When asked if he has a mantra, Tym quoted Siouxsie Sioux, vocalist for the post-punk band Siouxsie and the Banshees, “My goal in life is to be a thorn in the side of mediocrity.” “In my career, I’ve been very blessed not to have just taken a job, but to do the work that I believe in – the work of helping people find their voice and elevate their own work in whatever way I can,” Tym said.
Champion for a Better Health Care System
While many describe the nation’s health care system as “broken”, Tym takes a more nuanced view. “It’s not that the system doesn’t work,” he says, “it’s that it works only in certain circumstances, and for certain people.” Tym’s view stems from his own personal experience, navigating the health care system as a parent of a child with highly complex medical needs.
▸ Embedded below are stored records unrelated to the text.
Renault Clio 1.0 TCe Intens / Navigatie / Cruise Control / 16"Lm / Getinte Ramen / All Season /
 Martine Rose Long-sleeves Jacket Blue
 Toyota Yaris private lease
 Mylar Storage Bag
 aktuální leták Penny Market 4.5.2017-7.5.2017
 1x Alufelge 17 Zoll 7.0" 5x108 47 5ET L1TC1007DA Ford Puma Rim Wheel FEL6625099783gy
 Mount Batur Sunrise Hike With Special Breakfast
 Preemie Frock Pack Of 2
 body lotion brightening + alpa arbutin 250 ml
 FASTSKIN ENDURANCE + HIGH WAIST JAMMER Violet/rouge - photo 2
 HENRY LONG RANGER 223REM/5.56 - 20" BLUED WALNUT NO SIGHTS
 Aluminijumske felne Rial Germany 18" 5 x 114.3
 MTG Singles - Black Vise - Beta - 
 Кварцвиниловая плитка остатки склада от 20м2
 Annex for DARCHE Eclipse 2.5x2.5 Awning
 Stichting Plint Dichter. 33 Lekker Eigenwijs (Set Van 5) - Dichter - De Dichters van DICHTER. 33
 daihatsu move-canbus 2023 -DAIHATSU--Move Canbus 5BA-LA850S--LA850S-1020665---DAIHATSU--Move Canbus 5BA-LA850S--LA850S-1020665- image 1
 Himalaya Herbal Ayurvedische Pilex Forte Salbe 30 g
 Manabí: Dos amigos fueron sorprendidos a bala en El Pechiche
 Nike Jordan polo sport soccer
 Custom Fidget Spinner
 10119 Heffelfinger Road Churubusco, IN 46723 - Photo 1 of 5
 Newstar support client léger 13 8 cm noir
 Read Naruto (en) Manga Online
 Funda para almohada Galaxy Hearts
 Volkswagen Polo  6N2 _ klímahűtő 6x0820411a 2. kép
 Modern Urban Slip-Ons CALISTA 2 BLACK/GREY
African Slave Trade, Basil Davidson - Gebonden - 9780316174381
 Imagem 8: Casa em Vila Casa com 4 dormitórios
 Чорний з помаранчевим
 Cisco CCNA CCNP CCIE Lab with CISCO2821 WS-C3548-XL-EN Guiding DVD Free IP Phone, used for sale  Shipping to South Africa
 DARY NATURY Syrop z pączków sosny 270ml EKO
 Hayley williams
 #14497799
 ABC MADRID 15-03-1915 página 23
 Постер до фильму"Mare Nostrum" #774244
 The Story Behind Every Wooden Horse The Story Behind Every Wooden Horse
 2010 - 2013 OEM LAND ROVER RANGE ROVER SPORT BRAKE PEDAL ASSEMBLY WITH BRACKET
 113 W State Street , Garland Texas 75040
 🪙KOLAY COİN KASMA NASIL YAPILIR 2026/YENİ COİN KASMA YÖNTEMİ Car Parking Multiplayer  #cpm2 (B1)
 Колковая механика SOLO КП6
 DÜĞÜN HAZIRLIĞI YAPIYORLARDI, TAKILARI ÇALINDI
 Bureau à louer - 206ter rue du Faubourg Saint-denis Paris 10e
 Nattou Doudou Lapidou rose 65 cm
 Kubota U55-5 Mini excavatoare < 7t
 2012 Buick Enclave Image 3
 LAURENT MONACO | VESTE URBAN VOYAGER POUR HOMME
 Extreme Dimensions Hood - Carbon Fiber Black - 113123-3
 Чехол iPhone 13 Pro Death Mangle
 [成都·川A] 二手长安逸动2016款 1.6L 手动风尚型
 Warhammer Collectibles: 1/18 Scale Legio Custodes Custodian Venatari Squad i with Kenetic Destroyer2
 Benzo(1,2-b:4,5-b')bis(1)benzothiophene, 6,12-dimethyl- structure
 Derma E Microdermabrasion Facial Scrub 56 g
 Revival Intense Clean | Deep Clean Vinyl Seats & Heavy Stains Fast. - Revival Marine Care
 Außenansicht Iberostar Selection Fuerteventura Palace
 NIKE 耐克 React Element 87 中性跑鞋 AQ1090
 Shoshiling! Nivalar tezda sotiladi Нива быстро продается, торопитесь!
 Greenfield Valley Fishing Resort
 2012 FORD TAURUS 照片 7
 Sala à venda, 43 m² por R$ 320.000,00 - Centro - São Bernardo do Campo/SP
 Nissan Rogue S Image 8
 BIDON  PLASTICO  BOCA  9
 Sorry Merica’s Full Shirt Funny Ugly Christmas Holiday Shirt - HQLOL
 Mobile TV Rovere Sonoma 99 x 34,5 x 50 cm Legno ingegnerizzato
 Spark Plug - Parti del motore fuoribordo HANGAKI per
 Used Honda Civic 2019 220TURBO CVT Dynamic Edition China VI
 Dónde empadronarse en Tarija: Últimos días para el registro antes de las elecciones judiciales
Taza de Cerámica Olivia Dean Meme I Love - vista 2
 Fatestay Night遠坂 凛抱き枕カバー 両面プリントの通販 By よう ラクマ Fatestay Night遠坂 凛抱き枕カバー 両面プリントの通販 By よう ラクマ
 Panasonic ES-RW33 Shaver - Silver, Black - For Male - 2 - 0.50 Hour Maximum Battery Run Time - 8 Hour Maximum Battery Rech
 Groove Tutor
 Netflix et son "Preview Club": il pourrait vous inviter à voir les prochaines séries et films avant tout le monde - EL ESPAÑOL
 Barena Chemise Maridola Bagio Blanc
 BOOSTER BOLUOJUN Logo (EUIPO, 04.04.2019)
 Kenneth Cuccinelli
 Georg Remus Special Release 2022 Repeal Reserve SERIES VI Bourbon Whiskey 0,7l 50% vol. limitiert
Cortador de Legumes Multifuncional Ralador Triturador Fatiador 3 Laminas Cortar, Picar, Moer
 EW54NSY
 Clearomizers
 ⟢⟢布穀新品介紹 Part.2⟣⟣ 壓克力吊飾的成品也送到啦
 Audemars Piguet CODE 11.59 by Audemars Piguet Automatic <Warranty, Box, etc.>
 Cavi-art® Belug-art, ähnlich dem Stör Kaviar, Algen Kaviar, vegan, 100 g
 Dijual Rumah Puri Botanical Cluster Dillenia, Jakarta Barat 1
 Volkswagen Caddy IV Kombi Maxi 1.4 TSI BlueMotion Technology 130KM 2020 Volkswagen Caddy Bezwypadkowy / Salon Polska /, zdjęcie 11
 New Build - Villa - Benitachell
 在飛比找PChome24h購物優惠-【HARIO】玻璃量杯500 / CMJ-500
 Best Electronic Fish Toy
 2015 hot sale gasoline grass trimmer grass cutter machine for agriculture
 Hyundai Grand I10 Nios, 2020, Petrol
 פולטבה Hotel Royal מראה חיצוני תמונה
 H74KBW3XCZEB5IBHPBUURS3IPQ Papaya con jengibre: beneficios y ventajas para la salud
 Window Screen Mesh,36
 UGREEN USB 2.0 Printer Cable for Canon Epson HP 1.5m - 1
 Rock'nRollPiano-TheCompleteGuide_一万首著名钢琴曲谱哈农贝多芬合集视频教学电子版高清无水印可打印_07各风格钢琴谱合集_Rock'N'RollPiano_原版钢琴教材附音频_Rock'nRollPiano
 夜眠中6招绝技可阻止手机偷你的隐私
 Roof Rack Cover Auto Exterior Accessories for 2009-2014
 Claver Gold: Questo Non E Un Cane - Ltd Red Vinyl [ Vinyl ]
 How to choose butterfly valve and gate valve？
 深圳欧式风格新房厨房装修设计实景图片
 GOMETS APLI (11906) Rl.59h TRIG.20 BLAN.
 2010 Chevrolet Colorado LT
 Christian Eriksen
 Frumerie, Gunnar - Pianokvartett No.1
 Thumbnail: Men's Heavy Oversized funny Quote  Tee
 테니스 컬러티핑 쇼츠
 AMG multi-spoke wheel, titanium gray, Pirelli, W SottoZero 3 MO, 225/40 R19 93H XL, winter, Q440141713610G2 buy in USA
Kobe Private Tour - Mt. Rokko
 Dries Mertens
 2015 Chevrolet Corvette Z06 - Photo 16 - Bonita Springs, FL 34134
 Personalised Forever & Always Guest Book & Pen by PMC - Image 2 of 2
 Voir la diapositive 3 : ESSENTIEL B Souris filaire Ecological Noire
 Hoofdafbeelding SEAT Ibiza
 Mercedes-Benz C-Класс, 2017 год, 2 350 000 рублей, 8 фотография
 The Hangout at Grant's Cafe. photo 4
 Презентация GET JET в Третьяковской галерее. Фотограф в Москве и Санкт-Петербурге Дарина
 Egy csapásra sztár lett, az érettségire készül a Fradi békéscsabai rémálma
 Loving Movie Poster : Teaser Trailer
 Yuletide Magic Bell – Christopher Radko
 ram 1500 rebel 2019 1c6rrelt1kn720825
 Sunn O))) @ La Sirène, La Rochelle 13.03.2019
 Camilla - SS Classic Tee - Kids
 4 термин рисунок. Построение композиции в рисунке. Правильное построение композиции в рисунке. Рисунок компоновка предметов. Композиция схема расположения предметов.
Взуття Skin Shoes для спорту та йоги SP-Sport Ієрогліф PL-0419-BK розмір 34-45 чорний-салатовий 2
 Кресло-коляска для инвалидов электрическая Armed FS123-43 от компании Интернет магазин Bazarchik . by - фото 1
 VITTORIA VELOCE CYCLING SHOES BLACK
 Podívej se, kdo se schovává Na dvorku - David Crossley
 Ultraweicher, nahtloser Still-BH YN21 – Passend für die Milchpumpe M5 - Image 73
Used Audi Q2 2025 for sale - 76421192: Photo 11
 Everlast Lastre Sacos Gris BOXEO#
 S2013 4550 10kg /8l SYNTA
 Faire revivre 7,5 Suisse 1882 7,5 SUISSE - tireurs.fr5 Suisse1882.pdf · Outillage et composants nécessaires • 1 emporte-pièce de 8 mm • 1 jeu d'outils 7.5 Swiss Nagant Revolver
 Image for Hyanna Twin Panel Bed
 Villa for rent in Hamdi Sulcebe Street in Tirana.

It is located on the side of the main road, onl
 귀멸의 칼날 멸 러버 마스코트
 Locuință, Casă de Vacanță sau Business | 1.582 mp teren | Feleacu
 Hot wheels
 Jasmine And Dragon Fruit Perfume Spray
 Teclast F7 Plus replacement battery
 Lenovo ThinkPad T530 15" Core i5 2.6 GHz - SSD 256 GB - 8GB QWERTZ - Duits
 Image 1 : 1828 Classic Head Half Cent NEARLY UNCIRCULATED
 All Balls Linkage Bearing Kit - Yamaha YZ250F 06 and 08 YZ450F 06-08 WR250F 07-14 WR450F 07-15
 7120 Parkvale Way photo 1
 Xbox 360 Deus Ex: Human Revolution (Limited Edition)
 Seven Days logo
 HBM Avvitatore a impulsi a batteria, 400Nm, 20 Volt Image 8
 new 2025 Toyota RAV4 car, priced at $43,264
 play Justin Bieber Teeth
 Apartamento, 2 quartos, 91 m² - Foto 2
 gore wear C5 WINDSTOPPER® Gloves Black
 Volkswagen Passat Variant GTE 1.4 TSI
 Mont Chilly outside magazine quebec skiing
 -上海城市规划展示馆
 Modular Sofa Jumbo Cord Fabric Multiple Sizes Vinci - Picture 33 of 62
When his infant son was diagnosed with cancer, Tym saw firsthand what can happen when an integrated care team wraps itself around a patient and their
caregivers, and insurers act as a partner in ensuring proper care. His son, now 17, continues to rely on a care team in managing his survivorship. Tym’s desire is for the nation’s health care system to resemble what the system looked like for him and his family when they needed it most – for everyone.
“If we want to transform the health care system, we need to address its injustices, inequities and challenges, but also recognize the people who are in it to do good on behalf of patients,” Tym said. “We need to make sure the patients can access care and that providers can get to the patients they have built their career to serve. For me, the work is not about just dismantling the whole thing; it is about elevating what works, transforming what doesn’t, and lifting the entire system up.”